◆ **Short text fragments from websites**
★ ★ ★ ★ ★

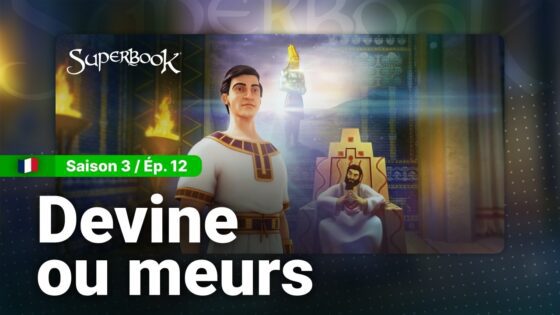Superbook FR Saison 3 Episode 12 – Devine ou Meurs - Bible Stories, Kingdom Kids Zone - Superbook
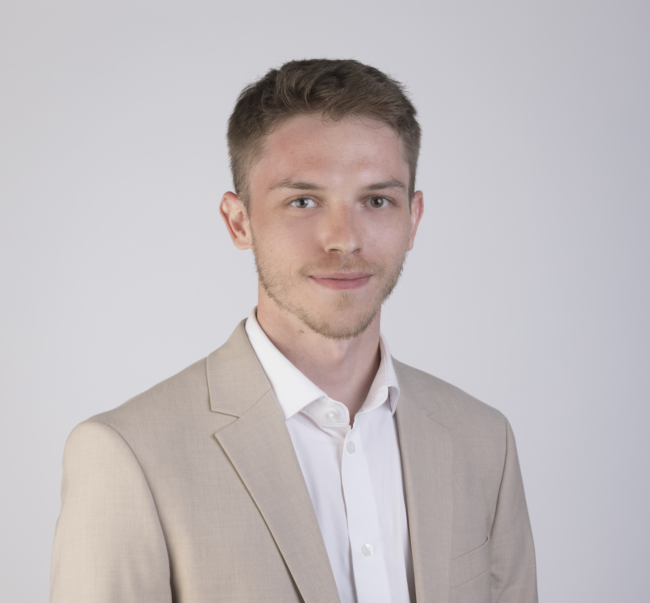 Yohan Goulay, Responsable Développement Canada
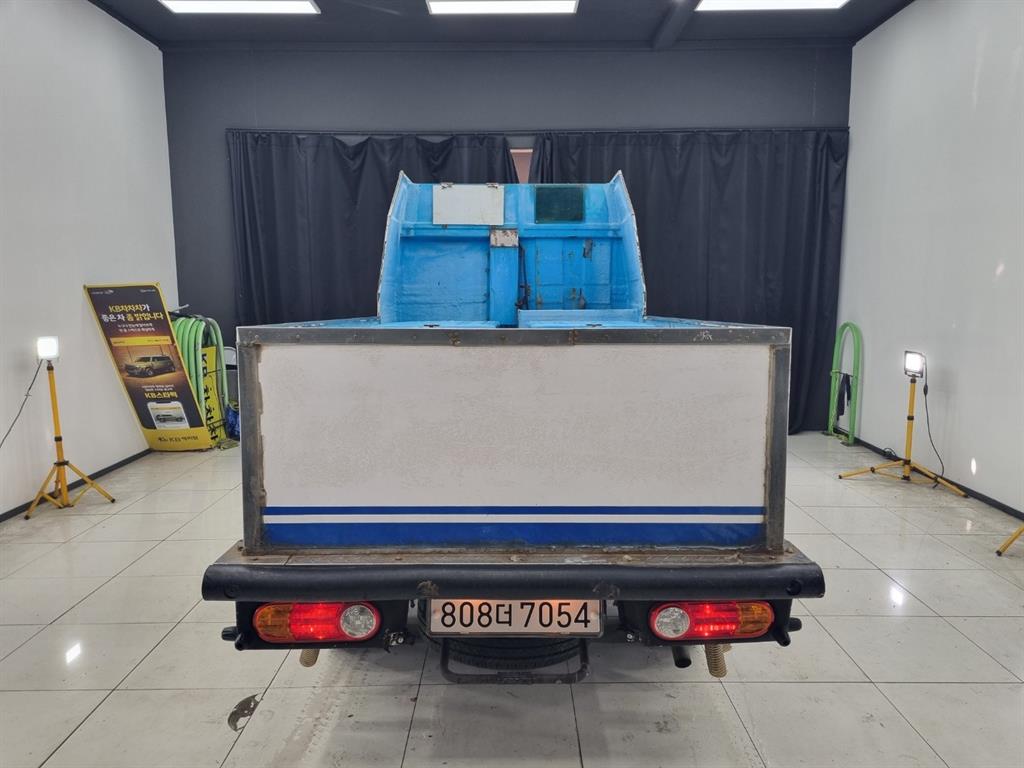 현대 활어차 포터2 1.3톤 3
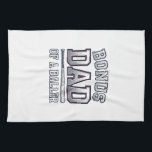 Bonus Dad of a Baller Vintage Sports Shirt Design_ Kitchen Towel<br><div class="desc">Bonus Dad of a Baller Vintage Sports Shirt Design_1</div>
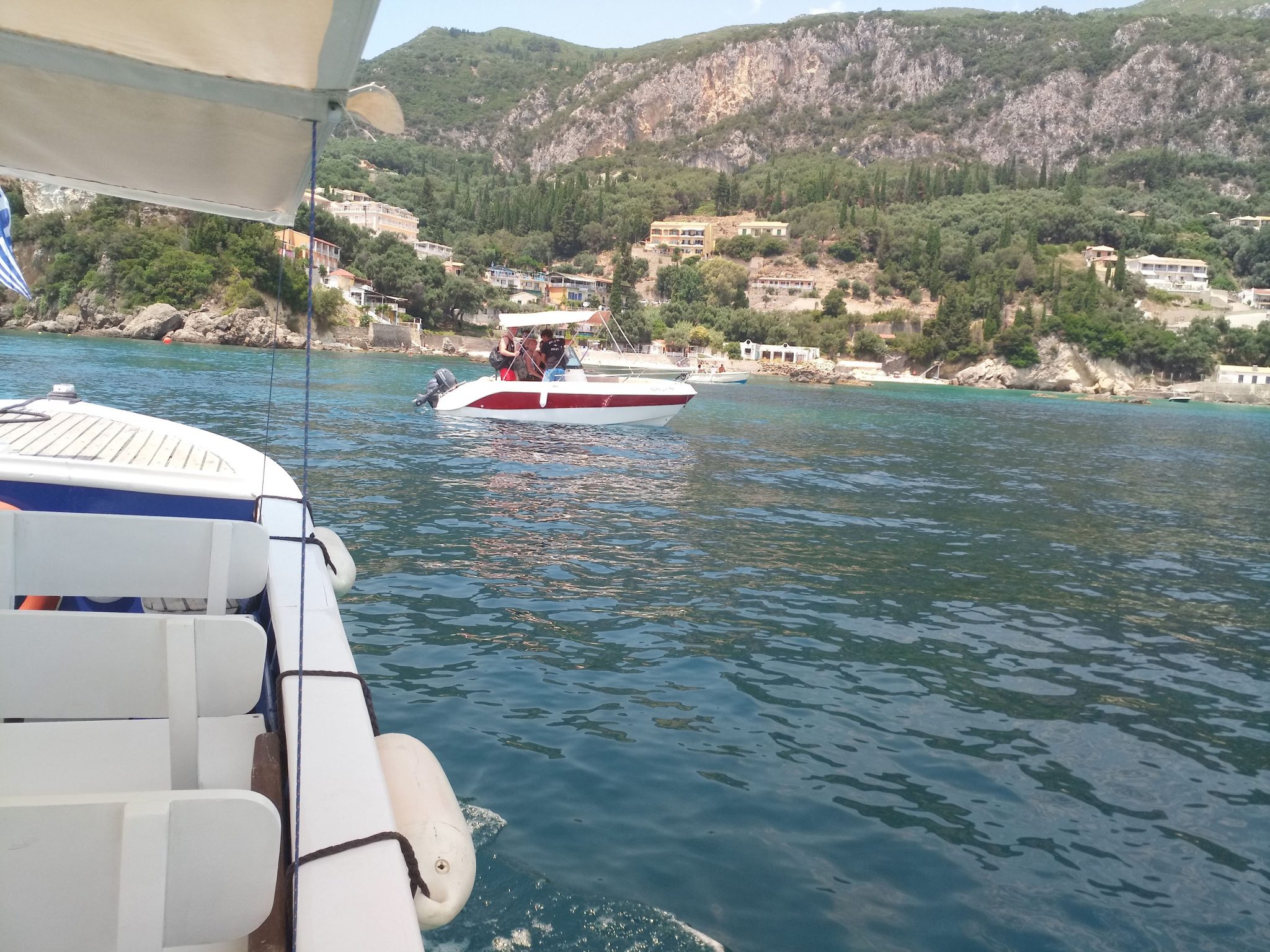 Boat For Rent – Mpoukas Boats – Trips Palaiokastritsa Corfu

★ ★ ★ ★ ★

◆ **What to produce**
Please retype the data exactly, but do not carry over any picture.

◆ **Completed exercise**
Superbook FR Saison 3 Episode 12 – Devine ou Meurs - Bible Stories, Kingdom Kids Zone - Superbook
 Yohan Goulay, Responsable Développement Canada
 현대 활어차 포터2 1.3톤 3
 Bonus Dad of a Baller Vintage Sports Shirt Design_ Kitchen Towel<br><div class="desc">Bonus Dad of a Baller Vintage Sports Shirt Design_1</div>
 Boat For Rent – Mpoukas Boats – Trips Palaiokastritsa Corfu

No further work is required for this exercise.